First published at Grift Magazine.
Two pairs of eyebrows jerked skyward when the gun went off.
“Shit,” Howard said, “I only meant to scare you.” He lowered Donnie to the stained mattress. “Why’d you have to go grab for the gun?”
“It hurts,” Donnie said.
“It should. You got a damn bullet in your gut.” Howard looked around the one-room pigsty Donnie called home. Dirty dishes filled the sink. Flies hovered over a pizza box spread open on the small table in the corner, a stack of phonebooks and a dowel supporting one corner. “You got any towels?” Donnie pointed to an open door across the room.
Howard hurried to the bathroom, walking like he was barefoot on a carpet of rose bushes. A bath towel lay on the floor. He picked it up. A family of roaches raced behind the cracked sink. Howard dropped the towel and backed out of the bathroom. He returned to Donnie, took off his hoodie, and held it against the wound.
“All you had to do was listen, and this wouldn’t have happened,” Howard wagged his head. “All you had to do was listen.”

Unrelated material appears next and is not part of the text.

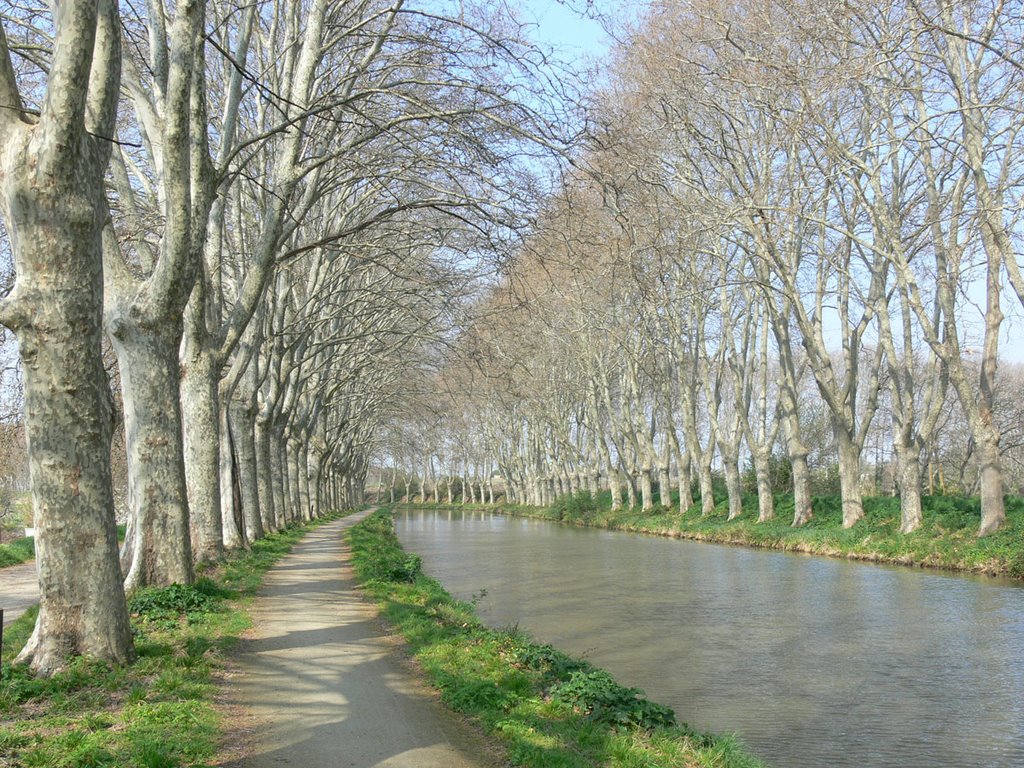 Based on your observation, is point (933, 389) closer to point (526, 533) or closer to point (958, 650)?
point (958, 650)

“Wasn’t none of your business,” Donnie said. “You should've let us be.”
“My family is my business.”
“You gonna get me some help?” Donnie groaned as he straightened out his legs.

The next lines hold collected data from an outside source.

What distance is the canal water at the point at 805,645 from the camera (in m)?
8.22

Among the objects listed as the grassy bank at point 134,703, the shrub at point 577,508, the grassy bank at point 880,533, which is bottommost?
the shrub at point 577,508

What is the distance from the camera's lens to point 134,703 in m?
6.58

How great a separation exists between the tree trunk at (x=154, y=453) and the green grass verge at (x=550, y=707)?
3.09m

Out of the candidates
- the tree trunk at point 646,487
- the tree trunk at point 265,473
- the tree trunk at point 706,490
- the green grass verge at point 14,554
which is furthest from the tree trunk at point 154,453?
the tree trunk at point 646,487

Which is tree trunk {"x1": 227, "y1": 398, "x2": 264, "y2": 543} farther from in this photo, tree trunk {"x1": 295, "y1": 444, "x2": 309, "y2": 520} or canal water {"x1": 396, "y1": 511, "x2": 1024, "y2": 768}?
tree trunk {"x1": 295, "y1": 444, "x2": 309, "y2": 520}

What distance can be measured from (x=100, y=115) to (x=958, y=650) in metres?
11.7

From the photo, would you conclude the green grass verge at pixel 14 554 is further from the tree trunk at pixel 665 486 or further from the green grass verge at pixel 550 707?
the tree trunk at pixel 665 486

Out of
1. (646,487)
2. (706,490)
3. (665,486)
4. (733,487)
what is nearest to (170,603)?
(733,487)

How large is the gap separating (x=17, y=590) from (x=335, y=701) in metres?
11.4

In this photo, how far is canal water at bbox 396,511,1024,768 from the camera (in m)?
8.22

“I gotta think.” Howard sat and leaned against the wall. Worst thing he ever did, buy a gun. It didn’t protect anybody in the end. “All you had to do was walk away and leave my daughter alone.” Howard hugged his knees to his chest and stared at the sky through torn curtains.
He saw himself as a young boy, in the apartment with his mom and five siblings. He remembered the day Mr. Hodgins calmly answered his questions as the neighborhood electrician fixed a short in the plug for the refrigerator. Howard was seventeen, and old man Hodgins asked him if he’d like to earn some money. Howard worked for the man for ten years before Mr. Hodgins sold the business to Howard.

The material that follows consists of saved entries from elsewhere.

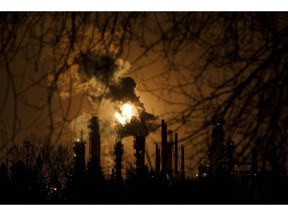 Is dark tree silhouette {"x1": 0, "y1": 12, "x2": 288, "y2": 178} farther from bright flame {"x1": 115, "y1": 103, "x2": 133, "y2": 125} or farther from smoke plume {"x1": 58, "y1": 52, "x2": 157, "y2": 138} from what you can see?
bright flame {"x1": 115, "y1": 103, "x2": 133, "y2": 125}

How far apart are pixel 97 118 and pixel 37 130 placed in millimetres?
591

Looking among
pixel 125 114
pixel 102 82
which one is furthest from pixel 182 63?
pixel 125 114

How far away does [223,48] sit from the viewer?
3.32 meters

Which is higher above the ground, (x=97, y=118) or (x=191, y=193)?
(x=97, y=118)

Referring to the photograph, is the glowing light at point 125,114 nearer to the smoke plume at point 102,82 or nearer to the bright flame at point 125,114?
the bright flame at point 125,114

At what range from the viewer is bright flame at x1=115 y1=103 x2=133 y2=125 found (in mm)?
4426

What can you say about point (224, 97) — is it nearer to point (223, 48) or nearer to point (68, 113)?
point (223, 48)

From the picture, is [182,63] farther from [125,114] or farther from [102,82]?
[125,114]

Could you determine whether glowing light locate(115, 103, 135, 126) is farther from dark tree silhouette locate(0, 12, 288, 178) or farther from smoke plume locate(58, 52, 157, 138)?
dark tree silhouette locate(0, 12, 288, 178)

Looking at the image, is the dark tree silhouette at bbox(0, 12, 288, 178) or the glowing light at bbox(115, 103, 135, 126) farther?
the glowing light at bbox(115, 103, 135, 126)

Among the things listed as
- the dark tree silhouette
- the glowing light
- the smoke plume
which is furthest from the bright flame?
the dark tree silhouette

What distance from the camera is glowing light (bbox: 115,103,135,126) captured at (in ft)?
14.4

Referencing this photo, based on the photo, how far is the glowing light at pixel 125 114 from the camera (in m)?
4.39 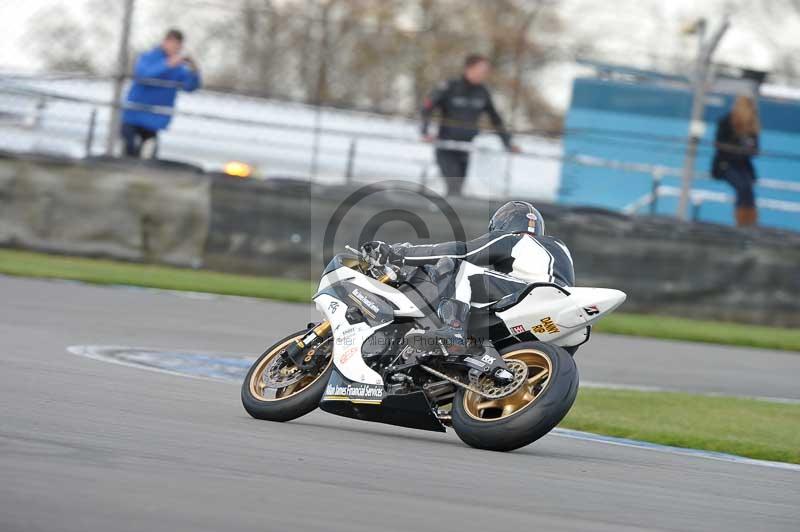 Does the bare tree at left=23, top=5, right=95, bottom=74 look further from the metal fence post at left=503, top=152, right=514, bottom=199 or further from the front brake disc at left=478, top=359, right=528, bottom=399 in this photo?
the front brake disc at left=478, top=359, right=528, bottom=399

Now he had a wife and two kids of his own. He was a respected businessman and an elder in his church. He couldn’t lose all that over a stupid punk. He put his head in his hands and thought about his options.
“I can't believe Francine kept your relationship a secret from me.”
“She was afraid you’d find out, because. . . Well, you know.” Donny stared at the blood then lifted his head. “It doesn’t hurt as much, but I still need to get to a hospital.”
Howard inhaled the fetid air and ran a hand over his bald head. He took in a deep breath and blew it out through tense lips. He knew this neighborhood. Nobody ever saw anything.
“Okay, I know what we’re gonna do.” Howard heard the life wheezing out of the boy’s body. “We're gonna sit and wait.”